Defendant Frank Ryan appeals as of right from a judgment entered pursuant to the jury's verdict in favor of plaintiffs. Because we find that plaintiff should have brought this suit as a third-party claim under the no-fault act, MCL 500.3135; MSA 24.13135, we reverse.
I.
Plaintiff Edward Gunsell injured his back while working as a mail dispatcher for the United States Postal Service. Defendant is an independent contractor hired by the postal service to deliver mail. Plaintiff injured his back when he lifted the rear door of defendant's small semi-truck, which was not working properly. Plaintiff recovered his lost wages and medical expenses under the Federal Employees Compensation Act, 5 USC 8101 et seq. He also filed a first-party claim for personal injury protection benefits with his automobile insurance carrier. His carrier apparently denied the claim under the parked vehicle provision of the no-fault act, MCL 500.3106(2)(a); MSA 24.13106(2)(a).

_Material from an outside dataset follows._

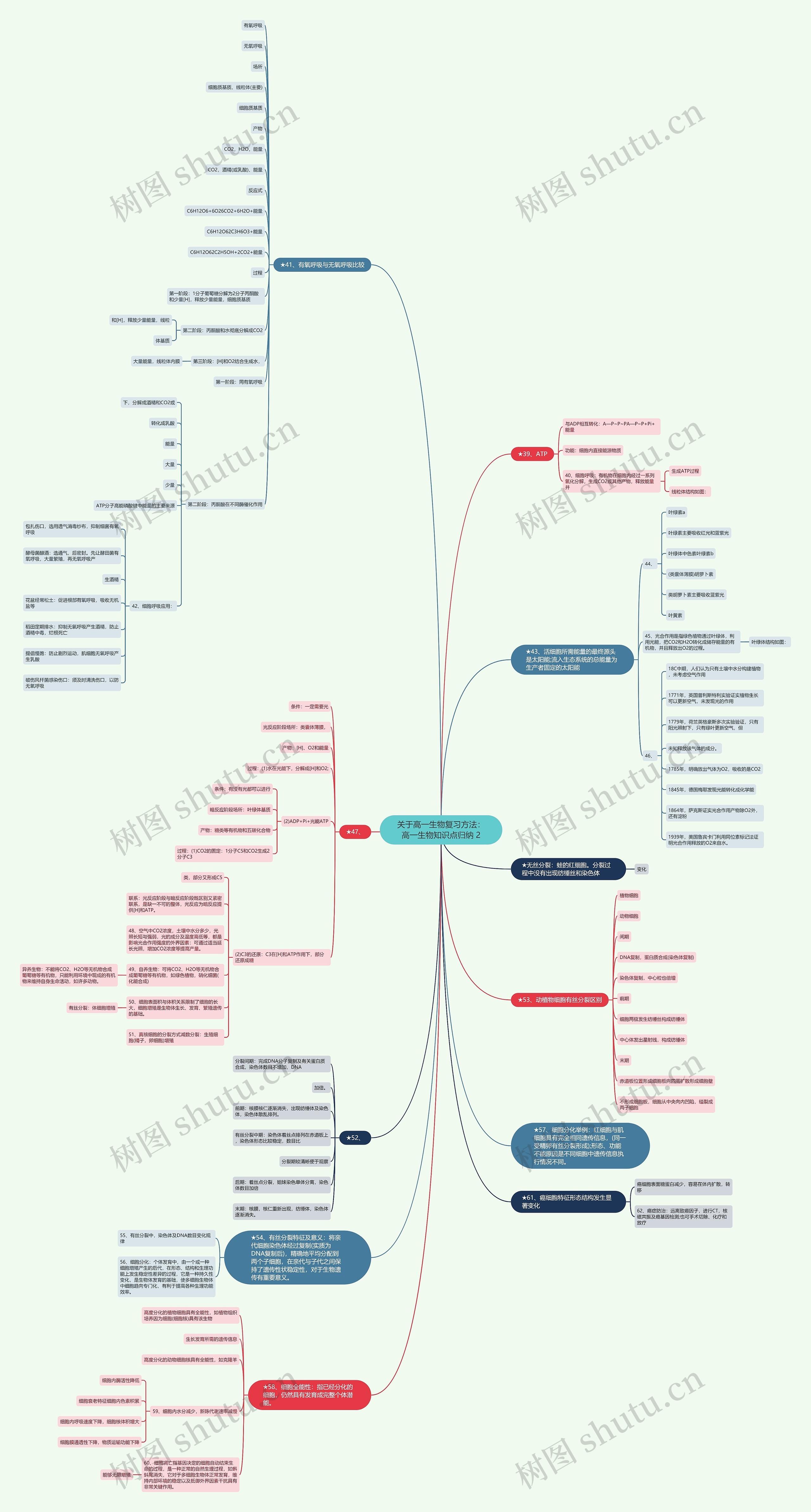 关于高一生物复习方法：高一生物知识点归纳 2思维导图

Plaintiff then brought this lawsuit against defendants Frank Ryan, the owner of the delivery company, and Wayne Fenlon, the truck's driver, claiming that their failure to properly maintain the semi-truck door caused his injuries. Initially, plaintiff appeared to bring this suit as a third-party claim under the no-fault act. MCL 500.3135(1); MSA 24.13135(1). However, after plaintiff filed suit, federal authorities filed a lien to recover the cost of plaintiff's federal benefits from any tort recovery. See 5 USC ยง 8132. Plaintiff then moved to change the case designation from "NI," which signifies a personal injury claim arising out of the use of a motor vehicle, to "NO," which signifies all other personal injury claims. MCR 8.117(3)(a),(h). He also moved to dismiss those portions of his complaint concerning the no-fault act, so that he could proceed under a general negligence principle.
The trial court granted plaintiff's motion. Its ruling eased plaintiff's burden at trial, because plaintiff no longer had to prove a serious impairment of body function, and allowed him to pursue economic damages he could not have recovered under the no-fault act. MCL 500.3135(1); MSA 24.13135(1). Following a trial, the jury awarded plaintiff economic damages for lost wages and medical expenses (the amount of the federal lien) and non-economic damages. The jury found defendant Fenlon not negligent.

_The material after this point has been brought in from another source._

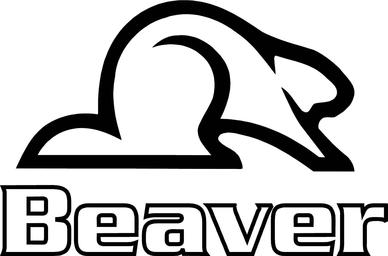 beaver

On appeal defendant Ryan argues that the trial court erred when it allowed plaintiff to bypass the strictures of the no-fault act, because defendant's liability was premised on its ownership, operation, maintenance, or use of a motor vehicle. Whether the trial court erred in granting plaintiff's motion to amend his complaint to bring this action as a straight negligence suit is a question of law; as such, we review it de novo. Fredericks v Highland Twp, 228 Mich App 575, 583; 579 NW2d 441 (1998). We agree with defendant and hold that this case should have been decided under the no-fault statute with its attendant limitations on third-party liability. Consequently, the trial court erred in permitting plaintiff to bring this suit outside of the no-fault act.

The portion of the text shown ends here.